Interface IDocumentModel<T>
- Namespace
- AiDotNet.Document.Interfaces
- Assembly
- AiDotNet.dll
Base interface for all document AI models in AiDotNet.
public interface IDocumentModel<T> : IFullModel<T, Tensor<T>, Tensor<T>>, IModel<Tensor<T>, Tensor<T>, ModelMetadata<T>>, IModelSerializer, ICheckpointableModel, IParameterizable<T, Tensor<T>, Tensor<T>>, IFeatureAware, IFeatureImportance<T>, ICloneable<IFullModel<T, Tensor<T>, Tensor<T>>>, IGradientComputable<T, Tensor<T>, Tensor<T>>, IJitCompilable<T>
Type Parameters
TThe numeric type used for calculations (e.g., float, double).
- Inherited Members
- Extension Methods
Remarks
This interface extends IFullModel<T, TInput, TOutput> to provide the core contract for document AI models, inheriting standard methods for training, inference, model persistence, and gradient computation.
For Beginners: A document AI model processes document images (scanned pages, PDFs, photos of text) to extract information, understand layout, or answer questions.
Key concepts:
- Document images have shape [batch, channels, height, width]
- Models can run in Native mode (pure C#) or ONNX mode (optimized runtime)
- All models support both training and inference
- Many document models combine vision and language understanding
Example usage:
var model = new LayoutLMv3<double>(architecture);
var layout = model.DetectLayout(documentImage);
var text = model.ExtractText(documentImage);
Properties
ExpectedImageSize
Gets the expected input image size (assumes square images).
int ExpectedImageSize { get; }
Property Value
Remarks
Common values: 224 (ViT base), 384, 448, 512, 768, 1024. Input images will be resized to [ImageSize x ImageSize] before processing.
IsOnnxMode
Gets whether this model is running in ONNX inference mode.
bool IsOnnxMode { get; }
Property Value
Remarks
When true, the model uses pre-trained ONNX weights for fast inference. When false, the model uses native layers and can be trained.
MaxSequenceLength
Gets the maximum sequence length for text processing.
int MaxSequenceLength { get; }
Property Value
Remarks
For layout-aware models, this is the maximum number of text tokens. Common values: 512, 1024, 2048.
RequiresOCR
Gets whether this model requires OCR preprocessing.
bool RequiresOCR { get; }
Property Value
Remarks
OCR-free models (Donut, Pix2Struct) return false - they process raw pixels directly. Layout-aware models (LayoutLM) return true - they need text and bounding boxes from OCR.
SupportedDocumentTypes
Gets the supported document types for this model.

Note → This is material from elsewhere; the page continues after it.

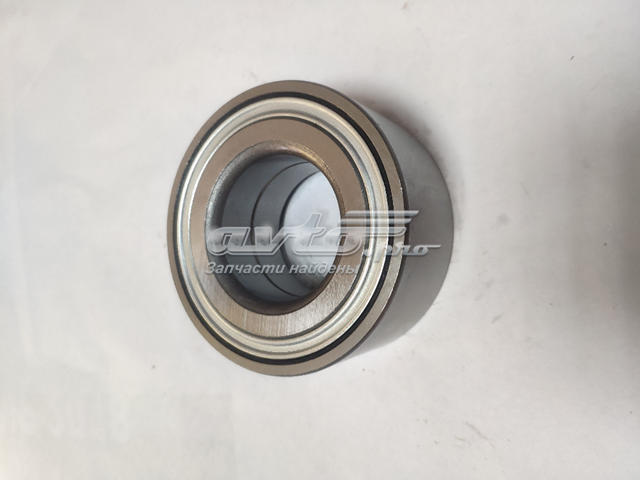 Łożysko piasty przedniej XGB41166S01P SNR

DocumentType SupportedDocumentTypes { get; }
Property Value
Methods
EncodeDocument(Tensor<T>)
Processes a document image and returns encoded features.
Tensor<T> EncodeDocument(Tensor<T> documentImage)
Parameters
documentImageTensor<T>The document image tensor [batch, channels, height, width] or [channels, height, width].
Returns
- Tensor<T>
Encoded document features suitable for downstream tasks.
Remarks
For Beginners: This method converts a document image into a numerical representation (feature vector) that captures the document's content and structure. These features can then be used for tasks like classification, QA, or information extraction.
GetModelSummary()
Gets a summary of the model architecture.
string GetModelSummary()
Returns
- string
A string describing the model's architecture, parameters, and capabilities.
ValidateInputShape(Tensor<T>)
Validates that an input tensor has the correct shape for this model.
void ValidateInputShape(Tensor<T> documentImage)
Parameters
documentImageTensor<T>The tensor to validate.
Exceptions
- ArgumentException
Thrown if the tensor shape is invalid.